Join Transatlantic writers Laura Tansley and Micaela Maftei in celebrating the launch of their new short story collection, The Reach of a Root.

What others are saying so far:

The Reach of a Root is a meeting of minds and, much more than that, a mingling of voices, a new and daring collaboration between two storytellers. Laura Tansley and Micaela Maftei venture where few have gone before, forging an indivisible authorial self in addition to their individual achievements as gifted writers. Full of vivid detail – a mint in the mouth, a creased map, a glance across a wine glass – these stories show us that no one is ordinary, and nothing is really as it seems. – Ailsa Cox

The Reach of a Root is a compelling, fascinating collection, with strangeness and surprise along the way. These stories question, make us hold our breath as we search for answers, and unsettle as well as ensnare.

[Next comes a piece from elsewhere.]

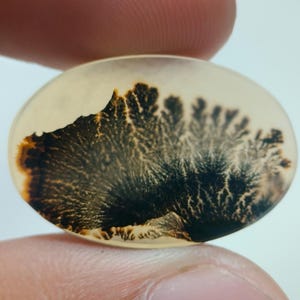 Piedra de diseño. Cabujón de ágata dendrítica de fantasía, piedra preciosa suelta, ágata dendrítica para hacer colgantes de joyería. Tamaño: 26 x 17 mm.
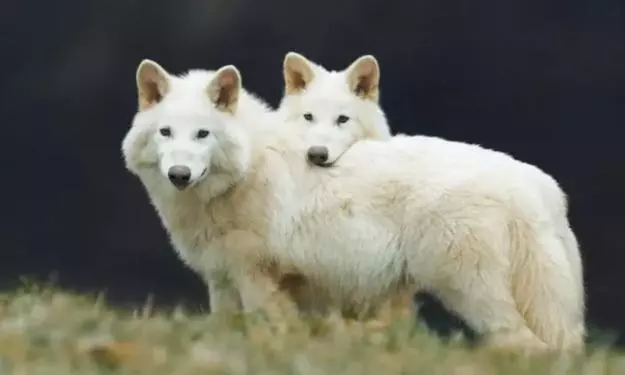 Scientists resurrect Dire Wolves after 12,500 years of extinction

In cities, restaurants and bedrooms, we follow the characters as they search for something more, something else. The voices here are woven seamlessly, and the real wonder is in how this has been achieved. – Holly Howitt-Dring

 An intriguing and barbed collection, tuned to the prickly undercurrents and cool, disquieting notes of urban life. – Laura Waddell

 

This assured and challenging collection of stories questions conventions of authorship, and within its fictional worlds, interrogates and unsettles, toppling the reader into landscapes fractured and problematic. Employing arresting simile and metaphor, the texts explore oddity, identity, communication (especially non-communication), relationships, love, work, mishap, transitions, hunger and family mess. 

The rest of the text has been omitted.